The workflow I keep coming back to
The pattern I trust most now looks like this:
- I keep the parent agent local until I understand the shape of the task.
- I map the dependencies and decide what can actually move in parallel.
- I delegate only bounded slices with clear ownership.
- I try to pair implementation with review, not just implementation with more implementation.
- I keep shared files parent-owned whenever possible.
- I integrate the least risky results first.
- I rerun verification after integration, not before.
This is not fancy, and that is part of why it works.
The workflow also scales down well.

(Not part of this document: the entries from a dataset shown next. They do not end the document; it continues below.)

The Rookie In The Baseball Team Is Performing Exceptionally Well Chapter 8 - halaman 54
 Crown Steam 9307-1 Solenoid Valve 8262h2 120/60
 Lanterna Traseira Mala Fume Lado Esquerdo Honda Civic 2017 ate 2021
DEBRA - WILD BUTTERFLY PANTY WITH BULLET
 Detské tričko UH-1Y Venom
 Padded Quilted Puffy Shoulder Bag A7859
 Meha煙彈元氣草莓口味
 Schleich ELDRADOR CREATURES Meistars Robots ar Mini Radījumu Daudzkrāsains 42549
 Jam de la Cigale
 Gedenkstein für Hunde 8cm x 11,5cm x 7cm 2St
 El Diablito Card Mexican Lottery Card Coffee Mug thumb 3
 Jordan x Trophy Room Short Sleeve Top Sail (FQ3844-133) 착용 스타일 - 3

You do not need a swarm. In many cases, one subagent implementing a focused slice while another reviews or audits fallout is enough to make the session noticeably better.
That is probably the main point I would make to anyone evaluating whether subagents are worth it. The value is not in spawning as many workers as possible. The value is in choosing one or two places where parallel attention helps more than it hurts.
So, are subagents worth it?
For AI-heavy early adopters, yes, but only if you are willing to be strict about task shape.
If your goal is to hand a messy problem to several agents and hope the right answer emerges, I think you will be disappointed. The output may look busy. That is not the same as being good.
If your goal is to take work that is already decomposed, hand off bounded slices, and get implementation plus review moving at the same time, then yes, subagents are worth it. That is where they feel less like a novelty and more like a real improvement to the workflow.
My own rule now is simple: if I can describe the task clearly, verify the output independently, and keep ownership boundaries clean, I will consider a subagent. If not, I stay local until I can.
That rule has saved me from a lot of unnecessary chaos.
And honestly, that is the most useful thing I can say about subagents in Codex. They are not interesting because they let you do everything in parallel. They are interesting because they force you to get honest about which parts of the work were actually separable in the first place.